Much is made of the fact that Joel and Ethan Coen are brothers. It's understandable - people are curious how any two people, much less siblings, can work as equals on a film, when doing so could easily become a nightmare. The slightest decision that one filmmaker must make now becomes a collaborative process. Does this make it easier to create a film or harder? Is hair pulled out? Who "owns" the ideas, and is the dynamic changed when one does?

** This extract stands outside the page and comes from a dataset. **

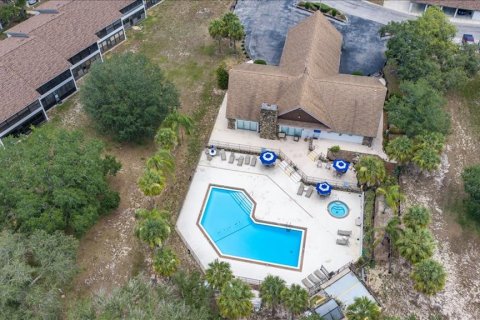 Condo in Weeki Wachee, Florida, 2 bedrooms  № 2195653 - photo 5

Though the Coens aren't the first directing team to win the Best Director prize at the Academy Awards (that would be Jerome Robbins and Robert Wise for West Side Story), they are the first pair of siblings to do so. However, they're hardly the first pair of successful directing brothers, nor the last (I can find no record of any "known" sisters team). I wondered: how do all these pairs get along? What trends are there, if any? Here are my findings:

If you didn't know better, you might think that Peter and Bobby Farrelly (There's Something About Mary, Kingpin) were twins. In an interview with Random House, Peter stated "It's half as difficult. Everything's a lot easier when you work with someone you know just about as well as you know yourself. We take a lot of the load from each other. When in doubt, we can just look at each other and the other guy either has a quizzical look like "I'm wondering about this too," in which case we have to look further, or he just kind of gives a nod like "It's okay.""

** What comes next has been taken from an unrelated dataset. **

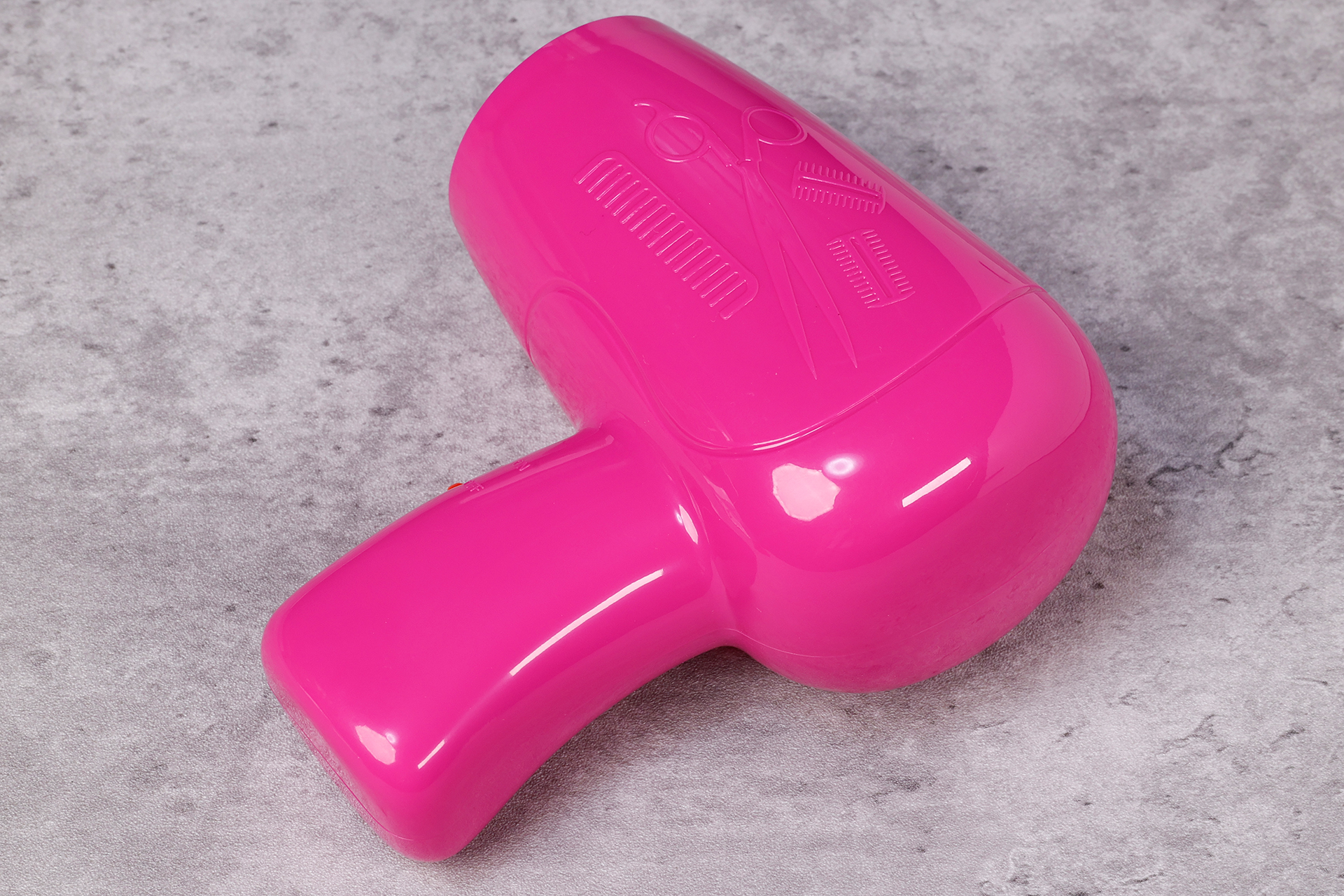 ピンク色のカラーリングがかわいらしい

Relative newcomers to the scene, Mark and Michael Polish broke out with their film Twin Falls, Idaho and followed it up with the Billy Bob Thornton-starring The Astronaut Farmer. They are in fact twins, and identical ones at that, though they don't seem to be quite as in tune as you might expect from a couple guys that were born at the same time. Says Mark, "I mean, it’s give and take. We’re not really competitive where we’re saying like that’s mine or that’s yours. It’s always for the better of the movie, or the truth of the movie. If he has an idea I think is good or just an idea that he’ll throw out sometimes I won’t go with it."

The notoriously shy Wachowski brothers have been making films together since 1996's Bound, and have been pretty much out of the public eye ever since. However, Movie Poop Shoot managed to get them to open up a bit at the time Bound was released, as Larry had this to say about working with his brother: "Well, we’re both very very lazy and having someone else do half the work is very convenient."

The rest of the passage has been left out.